Wednesday, March 13, 2013
Breaking: Cardinals Elect New Pope
The Cardinals of the Catholic Church have elected the new Pope, Seventy-six-year-old Cardinal Jorge Mario Bergoglio of Argentina, the first pope ever from South America, and probably the first non-European...although realistically, he's of Italian descent.
His election was somewhat of a surprise to outsiders, who expected that the Church might choose a younger man.
He will take the papal name of Francis.
Bergoglio, a Jesuit, is a member of the Church's conservative wing, but he is also known as a practical, Mr. Fixit type of administrator who did good work modernizing and revamping the Church's structure in Argentina.Apparently he finished second in the 2005 conclave that elected Pope Benedict.
Epect no changes on the church;s stance on abortion, same-sex marriage, and contraception. In 2010 he asserted that gay adoption is a form of discrimination against children, briniging him a public rebuke from Argentina's President, Cristina Fernández de Kirchner.

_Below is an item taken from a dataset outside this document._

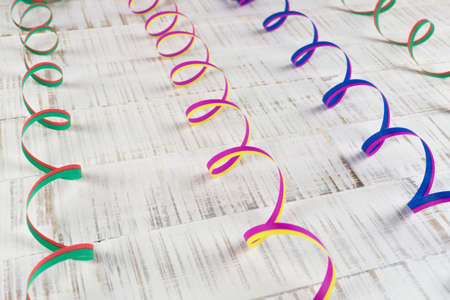 Colorful streamers on wooden backgroundの写真素材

He’s also known as down-to-earth, living in an apartment instead of the more lavish living quarters designated for a Cardinal,rejecting a chauffeured limousine and taking public transportation public transportation instead, something that will probably cease now that he's Pope. He also reportedly made a fetish of cooking his own meals.
One clue to how Pope Francis will conduct himself - In the past, Cardinal Bergoglio has been outspoken about his belief that there is an “unjust distribution of goods.”

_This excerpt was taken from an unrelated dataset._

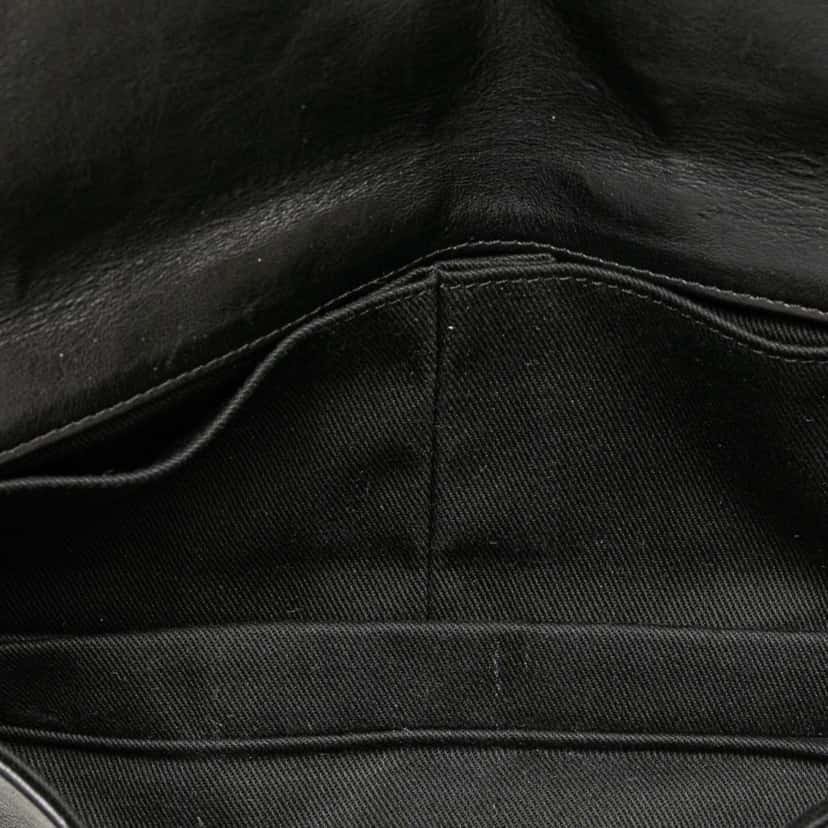 Chanel Quilted Calfskin Star Attitude Grommet Fold Over Clutch Black Leather Good condition - Model View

In 2007, he said, “We live in the most unequal part of the world, which has grown the most yet reduced misery the least. The unjust distribution of goods persists, creating a situation of social sin that cries out to Heaven and limits the possibilities of a fuller life for so many of our brothers.”
You can probably expect him to be much more oriented towards growing the Church in Asia, Africa and Latin America than Benedict or his predecessors were.
There's no clue how he is going to handle the challenges to the Church from radical Islam, or whether he will re-establish the church's relationship with Jews, something damaged gravely by Benedict.
Also, I note that at 76, Pope Francis is only two years younger that Cardinal Ratzinger was when he became Pope Benedict. I have a suspicion that he may be something of an interim figure, a good administrator who will reform the Church's bureaucracy, be a good steward and be, possibly, a kingmaker for the next Pope.